Your objective: All pictures are to be dropped, and everything else in the data duplicated exactly.

Collected material Start Marker

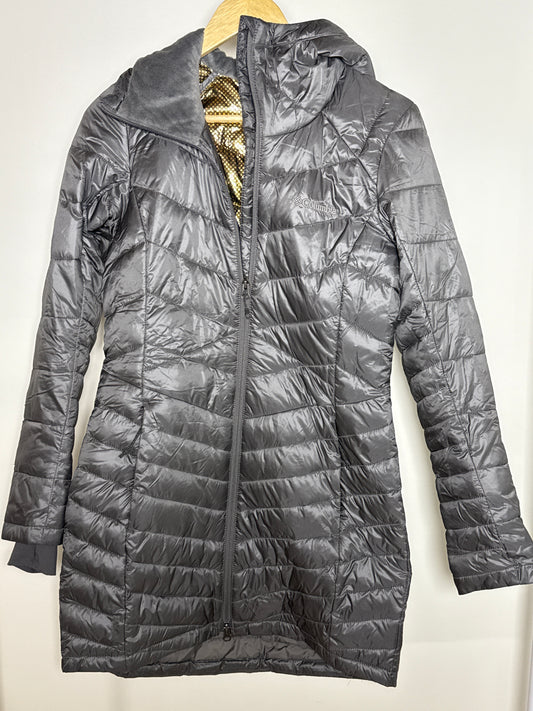 COLUMBIA - MANTEAU HEAVENLY LONG HOODED  GR SMALL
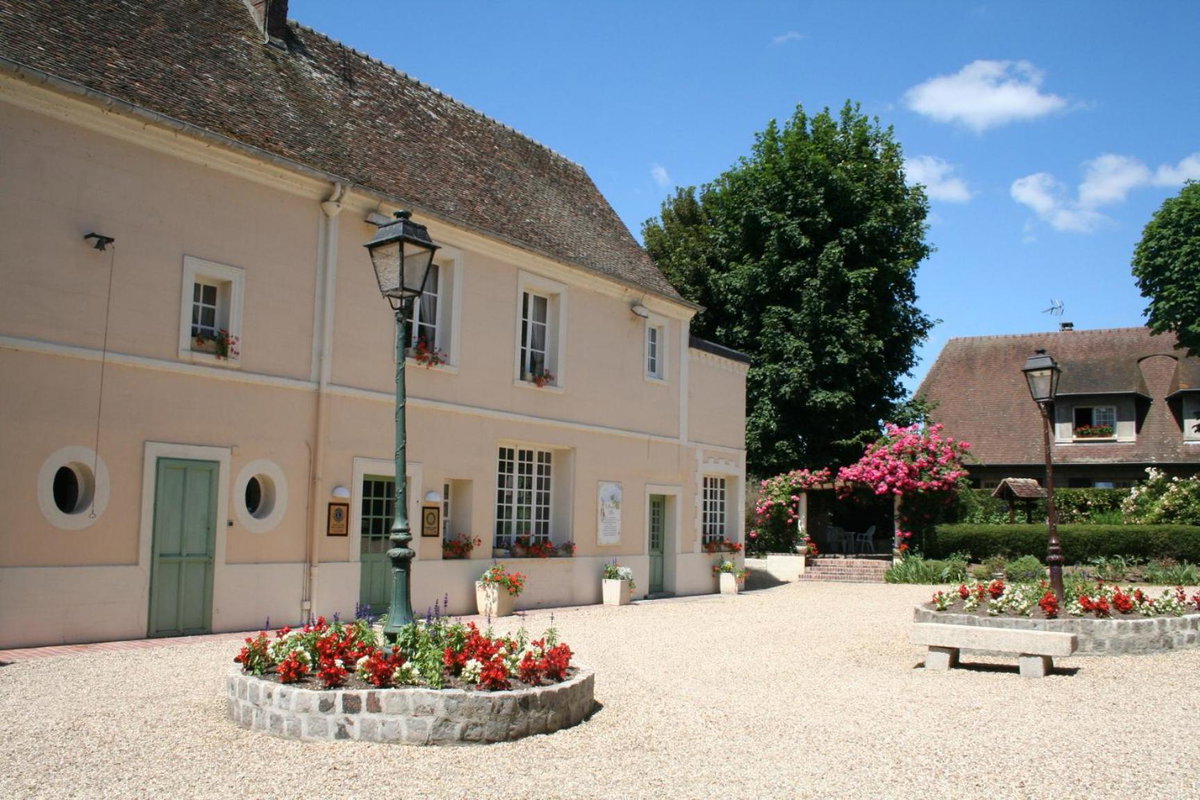 Hotel · La Chaîne D'or, Les Andelys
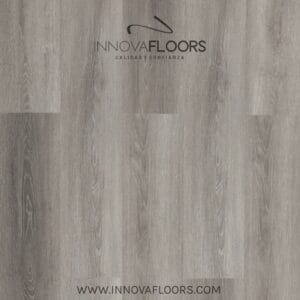 Piso Laminado Hidrofugo SPC ICE OCH 8V Resistente al Agua y Humedad Textura comprimida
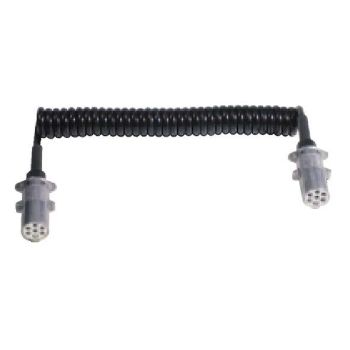 SPIRAALKAABEL 6X1+1X1,5 3,5M/20MM TYP:S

Collected material End Marker

Response for this exercise:
 COLUMBIA - MANTEAU HEAVENLY LONG HOODED  GR SMALL
 Hotel · La Chaîne D'or, Les Andelys
 Piso Laminado Hidrofugo SPC ICE OCH 8V Resistente al Agua y Humedad Textura comprimida
 SPIRAALKAABEL 6X1+1X1,5 3,5M/20MM TYP:S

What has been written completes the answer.